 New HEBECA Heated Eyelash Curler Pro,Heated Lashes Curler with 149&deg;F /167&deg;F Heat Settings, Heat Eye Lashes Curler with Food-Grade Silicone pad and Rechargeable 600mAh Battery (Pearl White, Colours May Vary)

────────────────────

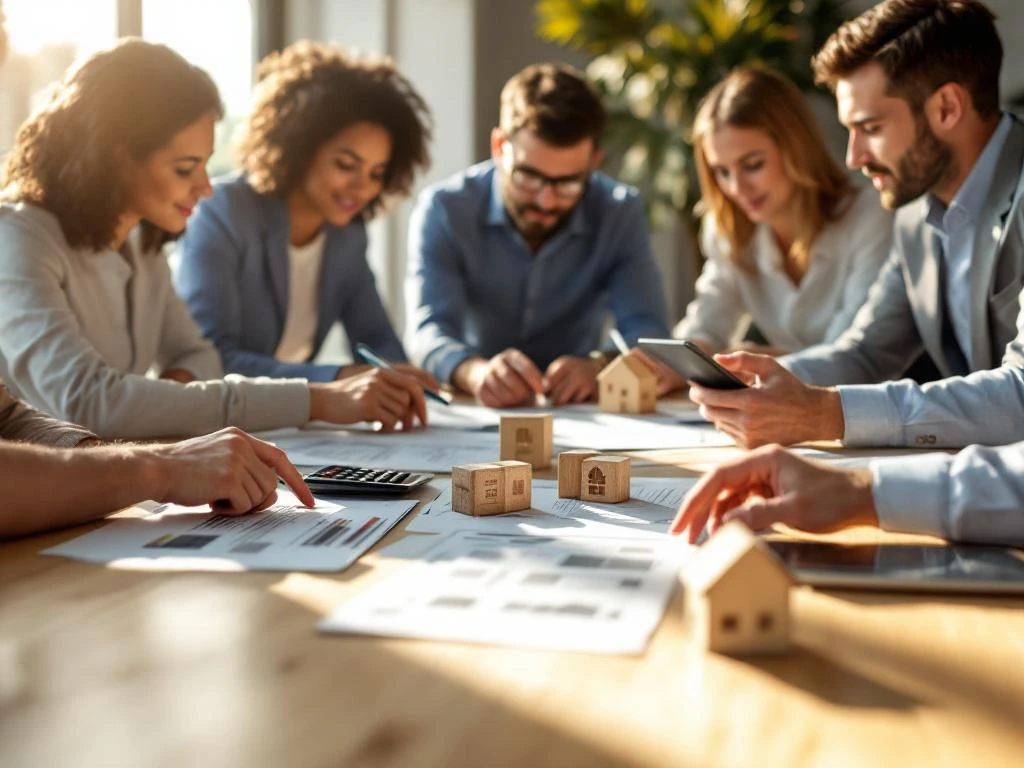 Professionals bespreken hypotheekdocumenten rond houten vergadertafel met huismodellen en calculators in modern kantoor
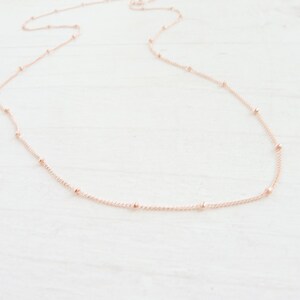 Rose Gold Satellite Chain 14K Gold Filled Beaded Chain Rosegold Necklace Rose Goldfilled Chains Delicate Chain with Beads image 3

────────────────────

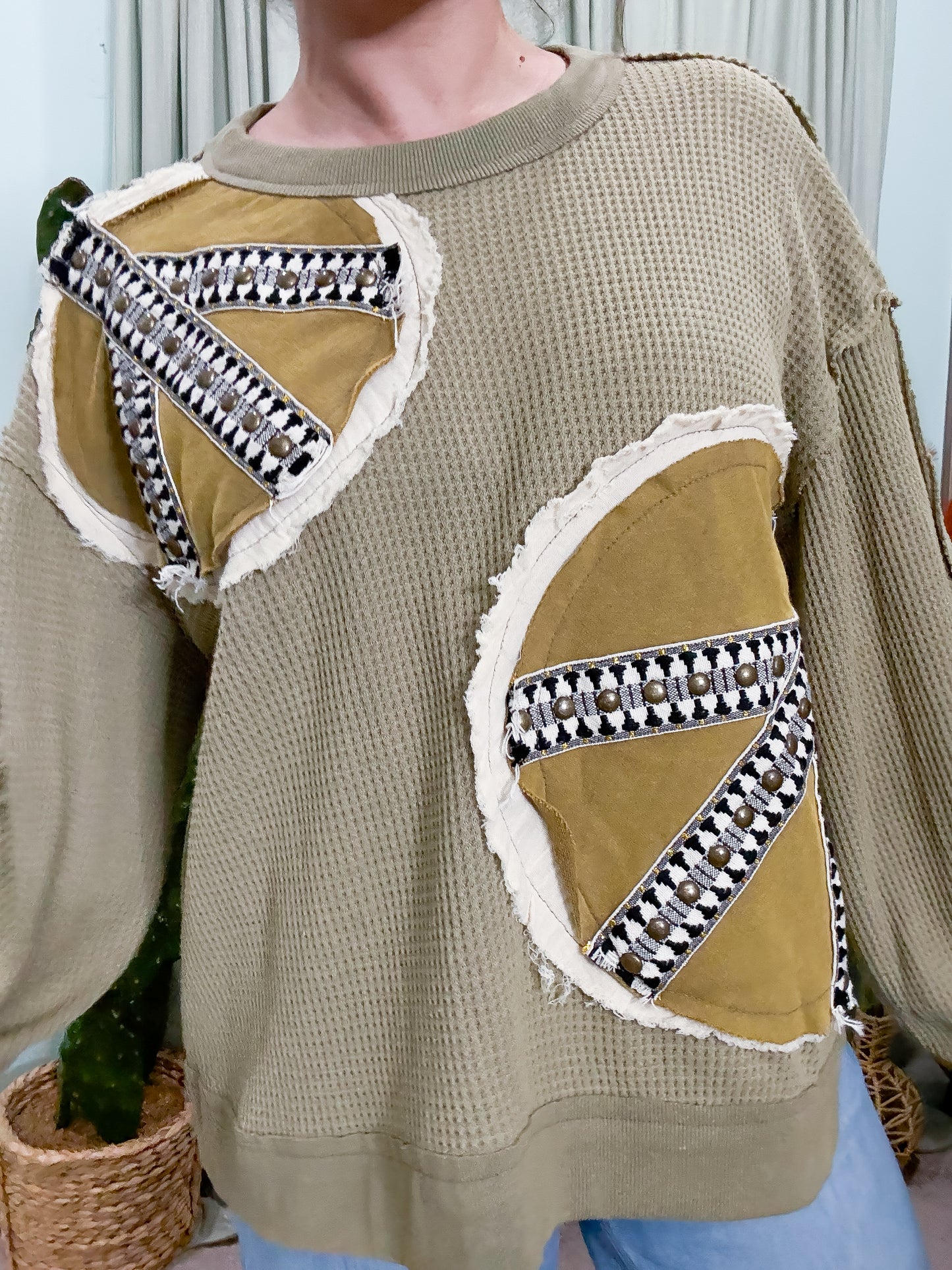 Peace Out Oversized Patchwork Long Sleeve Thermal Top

────────────────────

## Problem description:
Starting at the line above that holds "Professionals bespreken hypotheekdocumenten", repeat every line exactly down to and including the line that holds "Rose Gold Satellite", then stop. Do not carry over any pictures.

## Solved exercise:
 Professionals bespreken hypotheekdocumenten rond houten vergadertafel met huismodellen en calculators in modern kantoor
 Rose Gold Satellite Chain 14K Gold Filled Beaded Chain Rosegold Necklace Rose Goldfilled Chains Delicate Chain with Beads image 3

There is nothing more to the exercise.